**Data to examine**
━━━━━━━━━━━━━━━━━━━━━━━━━━━━━━
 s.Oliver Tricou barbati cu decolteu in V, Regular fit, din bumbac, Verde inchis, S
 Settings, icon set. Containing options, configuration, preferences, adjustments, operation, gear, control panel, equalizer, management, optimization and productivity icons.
━━━━━━━━━━━━━━━━━━━━━━━━━━━━━━
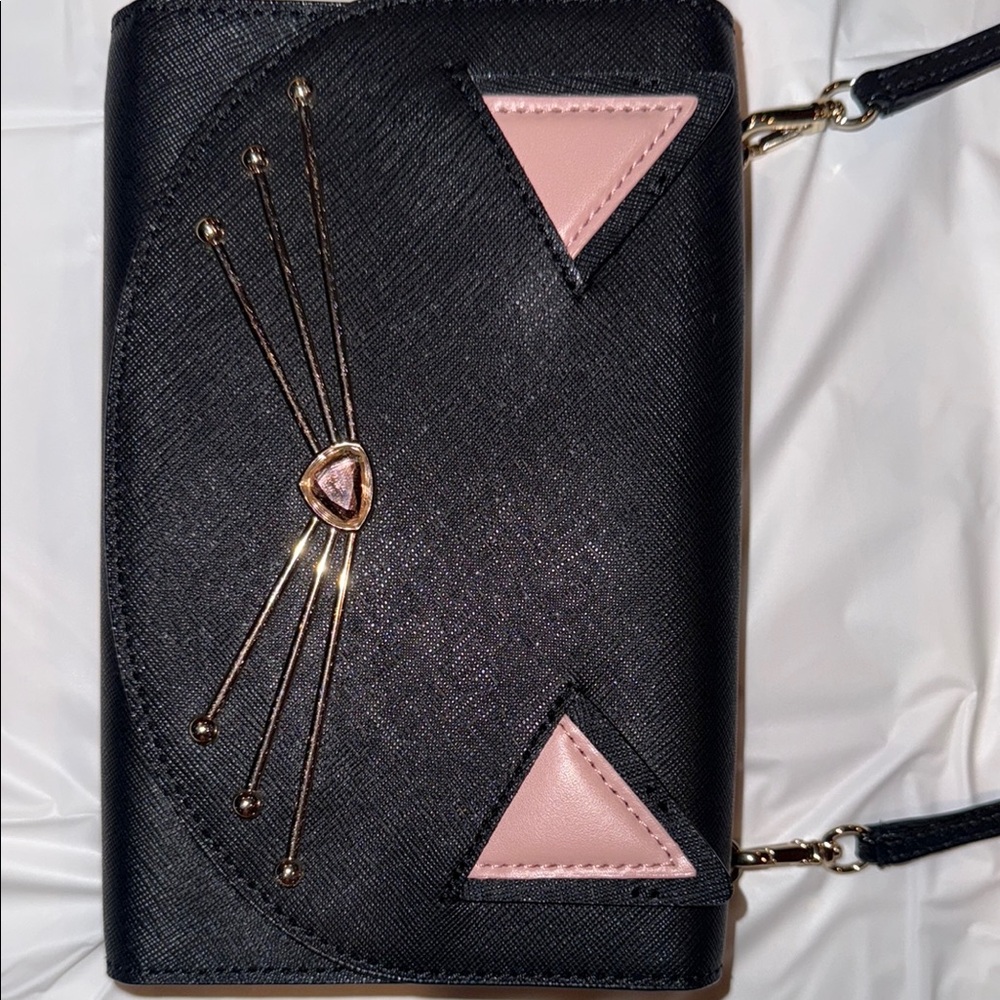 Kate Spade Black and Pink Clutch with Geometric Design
━━━━━━━━━━━━━━━━━━━━━━━━━━━━━━
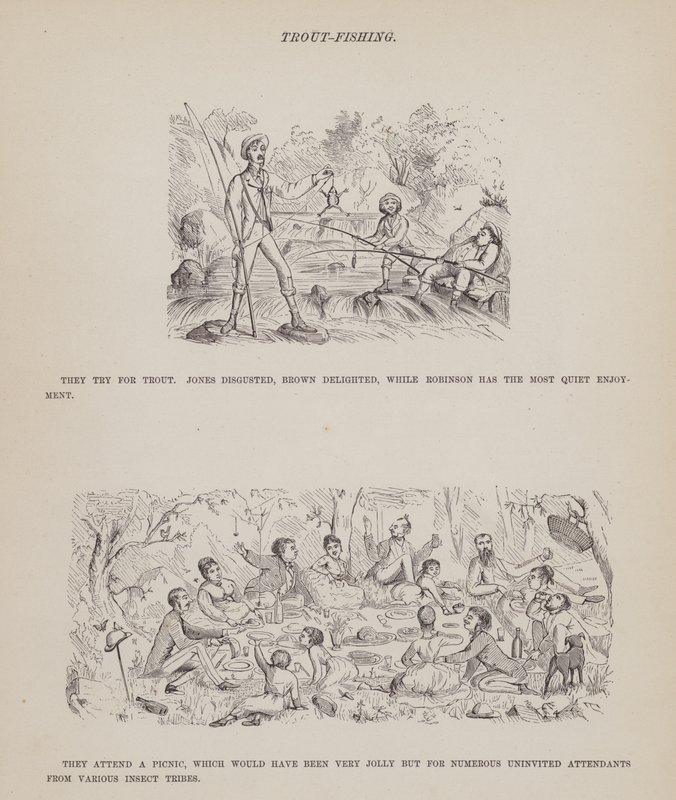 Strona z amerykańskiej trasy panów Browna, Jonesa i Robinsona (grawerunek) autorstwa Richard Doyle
━━━━━━━━━━━━━━━━━━━━━━━━━━━━━━
**Your goal**
Among the records above, a stretch begins at the line containing "s.Oliver Tricou barbati" and ends at the line containing "Settings, icon set.". Restate that stretch word for word, and nothing else.

**Task response**
 s.Oliver Tricou barbati cu decolteu in V, Regular fit, din bumbac, Verde inchis, S
 Settings, icon set. Containing options, configuration, preferences, adjustments, operation, gear, control panel, equalizer, management, optimization and productivity icons.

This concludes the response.